Tuesday, November 20, 2012

Flaky Cheese Biscuits

This is my favorites biscuit I have made to date. The addition of cheese into the dough make the flavor perfect. I don't know why I had never made a cheese biscuit before, but I am sold. I had about 1 cup of provolone and 1 cup of Mexican cheese mix the first time I made these and they were phenomenal. Even when I made these for the first time and overworked the dough, they turned out fluffy and flaky.

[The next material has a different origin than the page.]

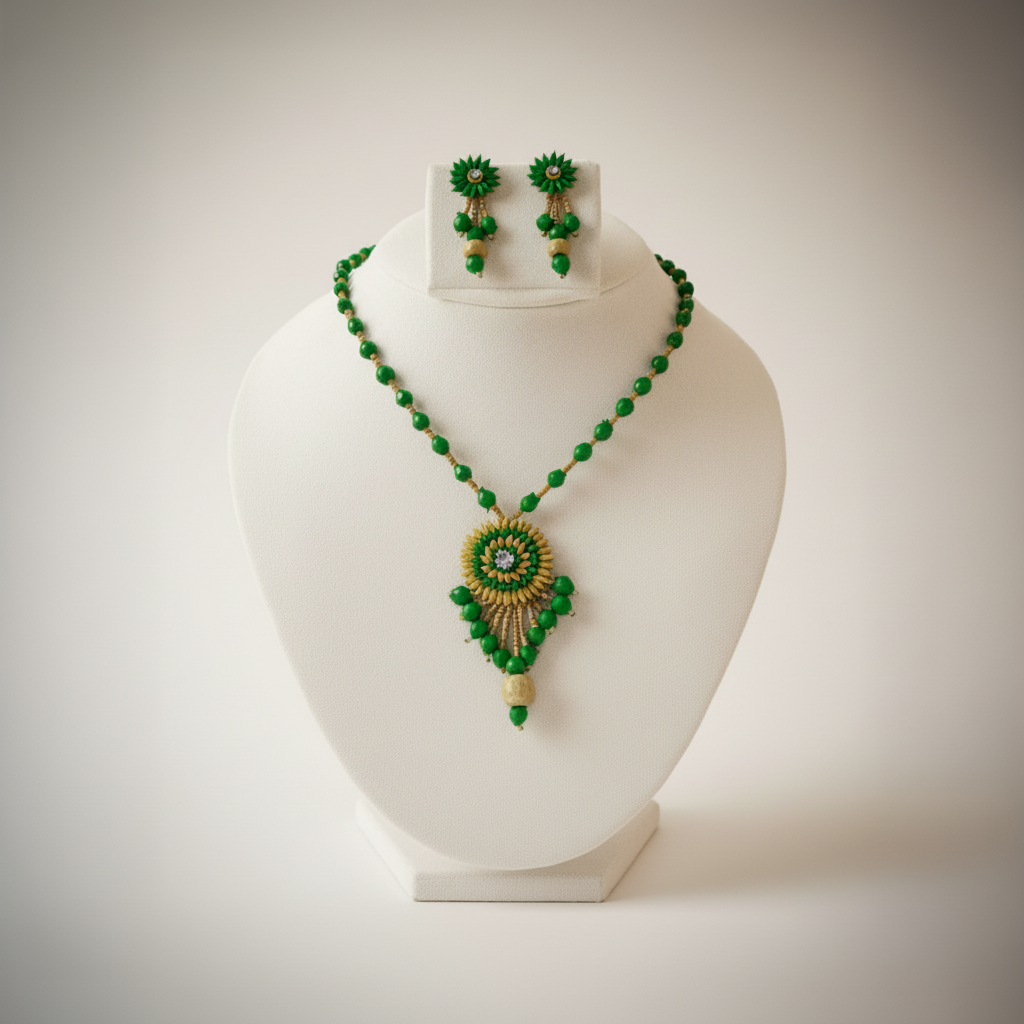 Green Paddy Necklace Set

If you plan on making these, you can really choose flavorful any cheese you enjoy. I used about 1 3/4 cup of cheese the first time I made these, but the entire 2 cups from that point on. If you're slightly short on cheese, these will still be great. These are best served right after you bake them. When I ate the leftover biscuits the next day, I quickly popped them into the microwave to get the cheese back to its melty state.

Recipe from Fine Cooking
Makes 15 to 18 biscuits

8 oz. (1-3/4 cups) all-purpose flour; more as needed for shaping the dough
1 tablespoon granulated sugar
2-1/4 teaspoon baking powder
3/4 teaspoon kosher salt
1/4 teaspoon baking soda
4 ounces (8 tablespoons) very cold unsalted butter
3/4 cup very cold buttermilk
2 cups grated sharp cheddar, gruyère, gouda, Mexican cheese mix, or provolone

Heat your oven to 500ºF/260ºC. Place the baking rack in the middle of the oven. Line a baking sheet with parchment paper.

In a large bowl, whisk together the flour, sugar, baking powder, salt, and baking soda. Cut the butter into small pieces and place in the bowl with the flour (each cube of butter should be about 1/4" x 1/4"). Using your fingertips, break apart the butter pieces and coat the pieces with flour.

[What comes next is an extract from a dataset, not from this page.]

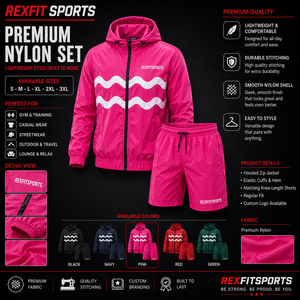 REXFIT <b>SPORTS</b> 2026 Custom Men’s Pink Nylon Hooded <b>Jacket</b> and Shorts Set Lightweight <b>Summer</b> Sportswear Private Label - Product Image 1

Pour the cold butter milk into the bowl and stir with a spoon until the dough forms come together as a coarse lump and the buttermilk absorbs the flour.

Dust your work surface with flour. Turn the dough onto the surface, scraping out the bowl, and lightly sprinkle the top of the dough and your hand with flour. Press the dough into a 3/4" thick rectangle. Sprinkle 1/3 of the cheese on the dough and fold the dough over in thirds (like folding a letter). Lift dough from your work surface (use a metal spatula if you have one) and re-flour the surface. Dust your hands with flour again and press the dough into a 3/4" thick rectangle again. Sprinkle with another 1/3 of the cheese. Repeat this process one more time to incorporate the rest of the cheese (if you're unsure about how to fold the dough, the link above for Fink Cooking has a picture. I was in the baking zone and forgot to take any). 

Press the final rectangle so it is 1/2" thick. Dip a 2" biscuit cutter into flour and cut out the biscuits, dipping the cutter in more flour as necessary. Make sure not to twist the cutter to remove the biscuit. Transfer the biscuits to the baking sheet and space them about 1/2" apart (I put mine next to each other in hopes that they'd rise more). Gather any scraps of dough and pat the out so you can cut more biscuits.

Place your baking sheet in the oven and lower the heat to 450ºF/230ºC. Bake for 8 minutes, then rotate your baking sheet 180º. Bake until the biscuits are golden brown on top and double in height, another 4 to 6 minutes. Once baked, remove from oven, let the biscuits cool for a few minutes, then serve warm (they will stay war for 15 to 20 minutes).